Dans Le Chant des Cavalières, on parcourt donc le royaume de Sarda, essentiellement à dos de dragons. Depuis la Grande Guerre, la défaite de la reine Maude et la réédition du royaume à Sabès, celui-ci vit dans une paix relative. Le pouvoir est entre les mains d'un prince et d'un condottiere. L'Ordre des Cavalières est réparti au sein des quatre citadelles : Nordeau, Estari, Ousterre et Soufeu. Mais, ces guerrières d'antan ne sont plus que l'ombre d'elles-mêmes, davantage rompues aux intrigues de cour qu'aux véritables combats. Seulement une effervescence semble agiter les couloirs du pouvoir. Tandis que certains s'accrochent aux paroles d'une prophétie annonçant le retour des Reines, d'autres ont des velléités d'indépendance ou rêvent d'une autre gouvernance. 

L'autrice donne donc vie à un univers magistral qu'elle a pris le temps d'explorer dans ce premier roman afin d'offrir à son récit un très bel écrin qu'elle pourra au demeurant réutiliser ultérieurement.

Mais c'est aussi le décor idéal pour tisser les nombreuses intrigues politiques qui tapissent les pages de ce livre car Le Chant des Cavalières est avant tout un roman politique. L'action relève davantage de manipulations et de trahisons que de véritables combats en dépit que l'on parle beaucoup de guerre au fil des chapitres. En effet, on découvre les évènements loin du champ de bataille, à l'abri des salons et des cours où circulent les mensonges, les secrets, le fiel et l'amertume. Ils sont propices pour donner à cette intrigue tout son suspense. 

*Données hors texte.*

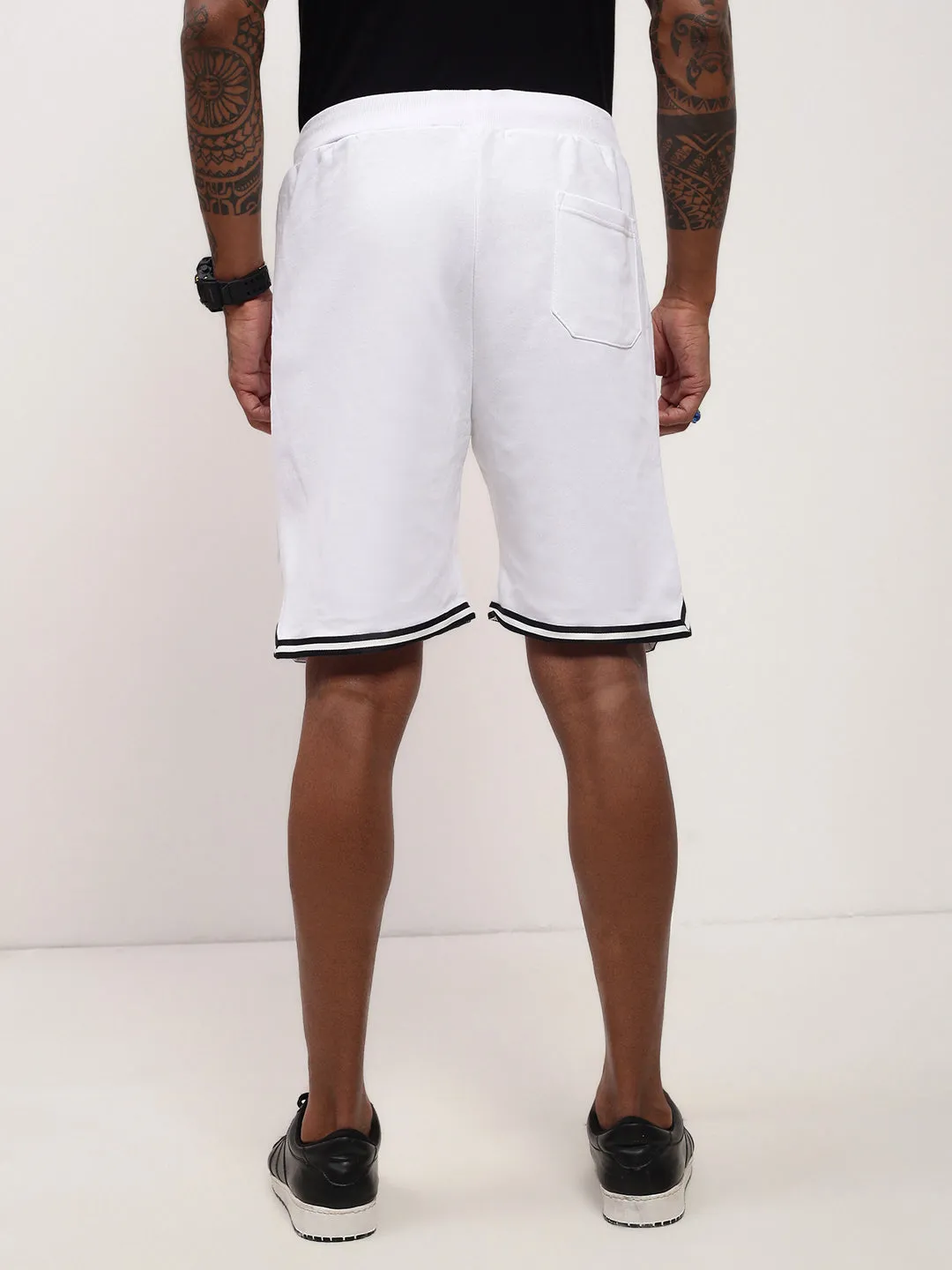 Men's White Cotton Shorts Breathable mesh lining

Certains verront sans doute dans l'absence de batailles, un manque de rythme, pour autant cette histoire demeure agréable à lire. Il est vrai que la présence des dragons enflamme notre imaginaire d'affrontements épiques et flamboyants, il n'en est rien ici mais cela ne veut pas dire que cela n'adviendra pas plus tard car au regard de ce livre, Jeanne Mariem Corrèze n'en a clairement pas encore fini avec son univers. 

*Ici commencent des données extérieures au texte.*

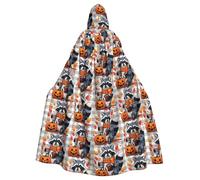 SMAZDFXX Fall Raccoon Pumpkin Hooded Cloak Cape Women Men Adults Full Length for Halloween Cosplay Costumes
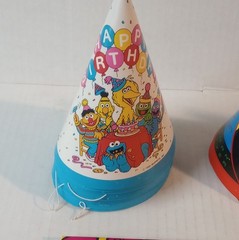 Muppets Inc. & Lyons Group Cartoon Birthday Hats, Party Backdrop, vintage 1990s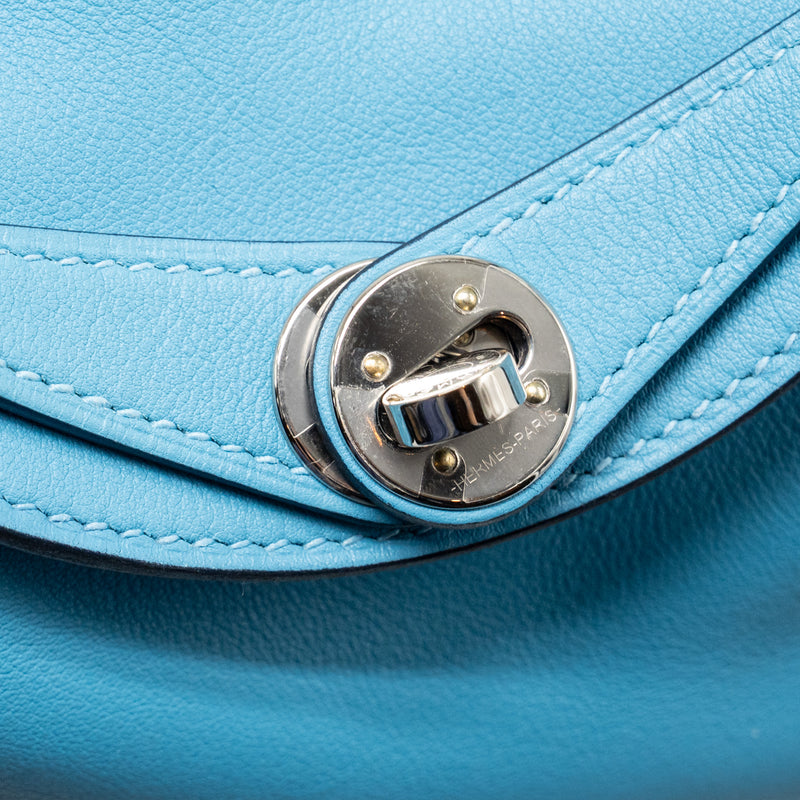 Hermes Mini Lindy Swift Blue de Nord SHW Stamp Y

Dans Le Chant des Cavalières, l'autrice reprend le motif de la quête initiatique, à travers une héroïne qui refuse de n'être que le pièce maîtresse d'une prophétie pilotée par d'autres. En la rencontrant très jeune, on va la suivre dans sa quête d'identité, dans sa compréhension de ses origines et dans ses choix de vie. Bien que ce soit un schéma narratif classique, l'autrice arrive à surprendre en lui faisant emprunter des chemins inattendus. 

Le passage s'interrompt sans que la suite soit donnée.